Reinventing Solid State Electronics: Harnessing Quantum Confinement in Bismuth Thin Films

TL;DR

This paper demonstrates that quantum confinement in ultra-thin bismuth films can achieve diode-like rectification without doping or heterojunctions, enabling room temperature nanoelectronic devices.

Contribution

It introduces a novel quantum confinement method in bismuth thin films to realize rectification without traditional doping or heterojunctions.

Findings

Achieves ideal diode behavior in 2 nm bismuth films

Operates at room temperature due to quantum effects

Eliminates need for doping or heterojunctions in nanoelectronics

Abstract

Solid state electronics relies on the intentional introduction of impurity atoms or dopants into a semiconductor crystal and/or the formation of junctions between different materials (heterojunctions) to create rectifiers, potential barriers, and conducting pathways.
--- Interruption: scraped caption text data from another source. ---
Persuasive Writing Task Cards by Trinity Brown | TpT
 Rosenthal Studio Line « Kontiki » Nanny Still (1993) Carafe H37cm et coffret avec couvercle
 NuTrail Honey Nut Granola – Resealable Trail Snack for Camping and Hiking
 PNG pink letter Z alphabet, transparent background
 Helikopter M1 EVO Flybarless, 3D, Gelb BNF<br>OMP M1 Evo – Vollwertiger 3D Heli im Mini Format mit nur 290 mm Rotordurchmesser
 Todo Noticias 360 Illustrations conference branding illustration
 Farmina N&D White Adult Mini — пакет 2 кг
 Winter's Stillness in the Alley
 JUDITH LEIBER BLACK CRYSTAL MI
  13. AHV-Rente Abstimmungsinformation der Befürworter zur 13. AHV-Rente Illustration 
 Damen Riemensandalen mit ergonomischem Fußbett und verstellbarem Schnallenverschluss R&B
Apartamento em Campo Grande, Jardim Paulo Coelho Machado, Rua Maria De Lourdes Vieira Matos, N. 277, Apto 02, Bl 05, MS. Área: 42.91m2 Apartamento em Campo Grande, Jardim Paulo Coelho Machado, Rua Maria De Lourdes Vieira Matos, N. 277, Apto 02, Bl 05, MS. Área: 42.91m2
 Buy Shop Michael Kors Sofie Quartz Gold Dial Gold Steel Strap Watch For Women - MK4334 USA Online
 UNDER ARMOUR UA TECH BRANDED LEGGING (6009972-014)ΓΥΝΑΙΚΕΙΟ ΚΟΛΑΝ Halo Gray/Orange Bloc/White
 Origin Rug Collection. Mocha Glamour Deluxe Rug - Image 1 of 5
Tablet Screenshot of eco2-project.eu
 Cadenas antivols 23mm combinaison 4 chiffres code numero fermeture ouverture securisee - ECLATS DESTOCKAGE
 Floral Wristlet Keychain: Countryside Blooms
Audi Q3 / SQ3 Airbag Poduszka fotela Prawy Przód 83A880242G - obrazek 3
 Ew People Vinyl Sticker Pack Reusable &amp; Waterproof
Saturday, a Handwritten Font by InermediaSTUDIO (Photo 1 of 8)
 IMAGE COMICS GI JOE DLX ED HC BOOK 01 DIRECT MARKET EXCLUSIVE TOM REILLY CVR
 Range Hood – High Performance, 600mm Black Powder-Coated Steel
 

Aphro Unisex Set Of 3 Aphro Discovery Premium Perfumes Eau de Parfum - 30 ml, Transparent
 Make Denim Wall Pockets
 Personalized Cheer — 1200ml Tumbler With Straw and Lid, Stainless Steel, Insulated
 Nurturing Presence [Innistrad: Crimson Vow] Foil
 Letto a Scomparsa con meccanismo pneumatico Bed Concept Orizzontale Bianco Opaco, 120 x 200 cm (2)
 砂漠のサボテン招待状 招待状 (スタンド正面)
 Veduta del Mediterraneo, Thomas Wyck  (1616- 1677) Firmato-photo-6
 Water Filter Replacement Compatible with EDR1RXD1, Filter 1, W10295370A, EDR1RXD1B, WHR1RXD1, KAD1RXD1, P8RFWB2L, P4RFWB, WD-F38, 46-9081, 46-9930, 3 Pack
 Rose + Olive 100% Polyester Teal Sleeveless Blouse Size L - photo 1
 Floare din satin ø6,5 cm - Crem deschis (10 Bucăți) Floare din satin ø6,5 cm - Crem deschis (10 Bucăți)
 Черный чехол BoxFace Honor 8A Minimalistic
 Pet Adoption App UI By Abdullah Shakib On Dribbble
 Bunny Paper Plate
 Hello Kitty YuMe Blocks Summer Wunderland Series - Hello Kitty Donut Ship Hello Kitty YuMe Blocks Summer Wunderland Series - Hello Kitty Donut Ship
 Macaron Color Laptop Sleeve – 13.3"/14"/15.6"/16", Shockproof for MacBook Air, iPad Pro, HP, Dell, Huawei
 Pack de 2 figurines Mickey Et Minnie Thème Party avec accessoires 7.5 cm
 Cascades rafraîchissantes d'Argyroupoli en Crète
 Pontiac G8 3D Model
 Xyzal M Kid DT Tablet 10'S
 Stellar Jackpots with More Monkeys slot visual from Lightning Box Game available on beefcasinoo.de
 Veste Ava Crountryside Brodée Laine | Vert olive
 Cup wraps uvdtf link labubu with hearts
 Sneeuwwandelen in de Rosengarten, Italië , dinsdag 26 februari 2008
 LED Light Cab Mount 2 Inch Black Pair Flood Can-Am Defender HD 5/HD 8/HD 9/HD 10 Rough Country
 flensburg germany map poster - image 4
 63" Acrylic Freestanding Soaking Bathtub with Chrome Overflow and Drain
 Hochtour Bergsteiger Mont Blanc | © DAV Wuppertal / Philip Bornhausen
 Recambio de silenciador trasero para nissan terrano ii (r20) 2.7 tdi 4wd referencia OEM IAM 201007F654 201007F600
With these building blocks, switching and amplification of electrical currents and voltages is achieved. As miniaturization continues to ultra-scaled transistors with critical dimensions on the order of ten atomic lengths, the concept of doping to form rectifying junctions fails and heterojunction formation becomes extremely difficult. Here it is shown there is no need to introduce dopant atoms nor is the formation of a heterojunction required to achieve the fundamental electronic function of current rectification. Ideal diode behavior or rectification is achieved for the first time solely by manipulation of quantum confinement in approximately 2 nanometer thick films consisting of a single atomic element, the semimetal bismuth. Crucially for nanoelectronics, this new quantum approach enables room temperature operation.